好きが涙に変わって溢れてく。
まさかそんなことだとは思ってなくて、私はピクリと反応してしまった。
「っていうか、いるよな?」
どうやって言えばいいんだろ。
でも嘘ついても変だし……
「……うん、まぁ」
私は頷いた。
「今も……そいつのこと好き?」
何で、そんな質問?
尊琉君が知ってどうなるんだろ……
今あんまりそういうこと聞いてほしくなかったな。
「わかんない」
少し素っ気なかったかな……
尊琉君は何も言わなかった。
微妙な空気が流れる。
「なぁ‼今日ひま?」
「へ?」
パッと明るくなった尊琉君は、私に顔を近付ける。
「どっか遊びに行かね?」
「ふ、2人で?」
「おう‼もちろん!」
そんな笑顔で言われても……いきなり2人でって、それってまるでデートみたいじゃない。

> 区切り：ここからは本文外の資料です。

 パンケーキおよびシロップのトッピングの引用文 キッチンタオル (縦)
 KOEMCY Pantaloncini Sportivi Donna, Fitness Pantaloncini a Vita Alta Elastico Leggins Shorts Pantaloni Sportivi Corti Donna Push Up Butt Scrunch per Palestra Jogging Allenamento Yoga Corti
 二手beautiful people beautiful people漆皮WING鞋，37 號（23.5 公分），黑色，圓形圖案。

「いや、いいよ……だって私お金も何も持ってないし、行く所もないじゃない?」
「そんなの気にすんなって!行こ‼」
「えっ!?」
断ってみたものの、全く意味は無し。
それ所か、尊琉君は乗り気で無理矢理私の腕を引っ張った。
行くなんて一言も言ってないのに……
尊琉君は全く聞く耳持たないし。